While the lamb is marinating, prepare the salsa verde by placing the lemon juice, olive oil, yogurt, garlic, salt, mint, oregano, parsley, capers, and anchovy filet into the bowl of a blender. Blend until smooth, then pour into a serving dish and set aside.
Preheat an outdoor grill for medium heat.
Cook the lamb skewers, turning occasionally, until no longer pink, about 8 minutes.
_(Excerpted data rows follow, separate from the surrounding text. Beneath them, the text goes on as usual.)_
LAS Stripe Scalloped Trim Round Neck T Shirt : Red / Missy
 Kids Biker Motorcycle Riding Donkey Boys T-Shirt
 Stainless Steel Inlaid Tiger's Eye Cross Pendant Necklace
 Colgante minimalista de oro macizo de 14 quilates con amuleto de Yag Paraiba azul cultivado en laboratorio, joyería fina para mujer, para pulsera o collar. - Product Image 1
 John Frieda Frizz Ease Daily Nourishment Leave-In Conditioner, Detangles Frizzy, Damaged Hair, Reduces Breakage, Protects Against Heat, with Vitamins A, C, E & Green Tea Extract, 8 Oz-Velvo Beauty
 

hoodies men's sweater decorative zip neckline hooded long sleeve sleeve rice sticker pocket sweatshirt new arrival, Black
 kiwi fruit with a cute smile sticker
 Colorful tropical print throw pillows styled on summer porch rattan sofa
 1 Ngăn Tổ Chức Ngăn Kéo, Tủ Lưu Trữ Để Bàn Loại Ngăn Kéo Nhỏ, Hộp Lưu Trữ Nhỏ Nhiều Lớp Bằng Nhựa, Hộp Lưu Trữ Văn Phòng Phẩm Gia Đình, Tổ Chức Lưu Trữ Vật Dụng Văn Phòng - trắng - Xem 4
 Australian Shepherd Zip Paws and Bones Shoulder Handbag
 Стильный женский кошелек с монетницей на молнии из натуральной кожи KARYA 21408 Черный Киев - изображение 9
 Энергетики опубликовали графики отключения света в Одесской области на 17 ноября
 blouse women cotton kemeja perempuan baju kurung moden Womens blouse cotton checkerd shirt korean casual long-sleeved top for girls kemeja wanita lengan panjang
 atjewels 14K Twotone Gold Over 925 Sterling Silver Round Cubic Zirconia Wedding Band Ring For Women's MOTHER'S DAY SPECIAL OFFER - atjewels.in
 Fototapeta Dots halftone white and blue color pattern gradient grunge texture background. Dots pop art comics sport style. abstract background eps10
Serve with salsa verde

Greek Penne:

35 min 15 min prep
6 servings

1 (16 ounce) box penne or rigatoni pasta
5 teaspoons olive oil
2 tablespoons pine nuts
4 cloves minced garlic
1 package frozen chopped spinach, thawed and drained
4 plum tomatoes, chopped
1/2 cup cottage cheese
4 ounces feta cheese
1 teaspoon oregano
salt & pepper
parmesan cheese

1. Start cooking pasta in large pot of boiling water.
2. In skillet, add 3 tsp olive oil and cook garlic slightly.
3. Add pine nuts and cook 2 minutes.
4. Stir in spinach and tomatoes and cook 3 minutes.
5. In a bowl combine cheeses, add oregano, salt, and pepper.
6. When pasta is cooked, add ? to large bowl and drizzle with 1 tsp olive oil.
7. Add remaining pasta and drizzle with 1 tsp olive oil.
8. Toss well.
9. Add spinach mixture to pasta and toss.
10. Add cheese mixture and toss.
11. Top with parmesan cheese to taste.